Besides the mechanics of it, there are the underlying social conditions that are bringing this to a head.
Why, after all, did Edelman and his cohorts go after arcane (to the public) collective bargaining rules in their effort to, as their mission statement says, "ensure that all children, regardless of their background, graduate from high school prepared for, and with access to, a college education"? What is the connection?
Edelman and the small but wealthy coterie of donors and activists who want to overhaul education by partially privatizing it view teachers unions as the primary obstruction to their vision, which is by all indications sincerely held. Politicians have, by most measures, been pliant. In the last two State of the Union addresses, one of the only points of agreement between the President and the GOP responder was education policy. Big city Mayors, most of them Democrats, have eagerly promoted high-stakes testing and charter schools. The only institutional resistance these reformers regularly meet is from teachers organized into unions. The tactical solution then is to weaken teachers' credibility and undermine their organizational strength. (Which, again, Edelman essentially detailed.)

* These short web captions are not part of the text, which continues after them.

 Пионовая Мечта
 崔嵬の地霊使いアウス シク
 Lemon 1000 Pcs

Part of this tactic has been to blame teachers for poor student outcomes, and characterize arguments and research that show the connection between family income and educational outcome as "excuse-making." Over the last ten years in particular, "bad teachers" have been elevated as the primary reason for poor student performance, and teachers unions have been attacked by implication for "protecting" them. Whatever the objective value of this reasoning (and the data supporting such arguments is at best conflicting), the social reality is that teachers feel besieged and disrespected, while at the same time seeing the profession of teaching as an institution collapse in a real way.

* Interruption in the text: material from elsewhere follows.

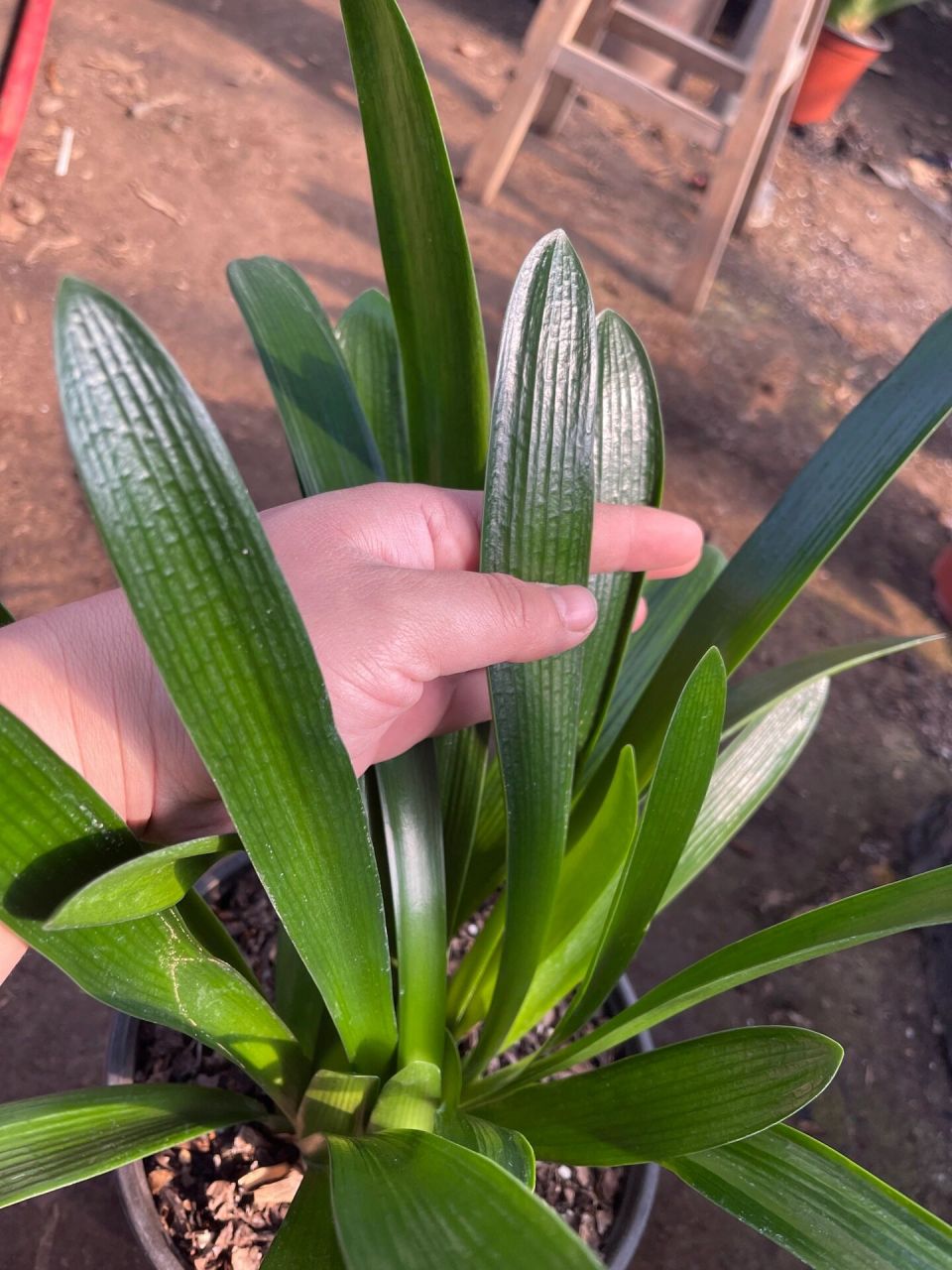 君子兰的群生兰 今天找到一颗不一样的君子兰,"群兰"群兰是整株同根同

That type of disrespect isn't an abstraction. Teachers, like other professionals, have invested enormous time, energy, emotion, and money into growing into their profession. When outside forces undermine that very real and viscerally felt investment, there is going to be a strong reaction, and resort to extreme measures.
What adds to this is that the privatization process sets off an endowment effect among parents. In order to eliminate unionized teachers, privatization groups work with politicians to institute "turnaround" programs that suddenly shut down neighborhood schools. People generally react more strongly to losing something they have than they do to failing to achieve something they want. The turnaround process has been traumatic for thousands of Chicago families, and it's a cumulative phenomenon; in the early days of turnarounds, the impact was scattered. Over the years, and particularly with Mayor Emanuel's outspoken desire to pump up the number of charter schools, the sheer numbers of those impacted has grown and grown, networks of aggrieved and distrustful parents have emerged, and common cause with teachers who want to preserve public, neighborhood schools has been found.
So the top-down, political-relationship heavy, marketing strategies of groups like Stand for Children lose their efficacy over time (and ironically, it's a strategy with its roots in the pro-NAFTA campaign partially engineered by Mayor Emanuel). Such strategies rely on the vast majority of people being unaffected in an immediate material way by the policy changes being proposed; the sophisticated marketing with inoffensive, abstract visions appeal to people in the way most advertising does. But the campaigns enjoy diminishing returns as more and more people feel the effects of a policy, particularly in localized conditions, because the effects are concentrated.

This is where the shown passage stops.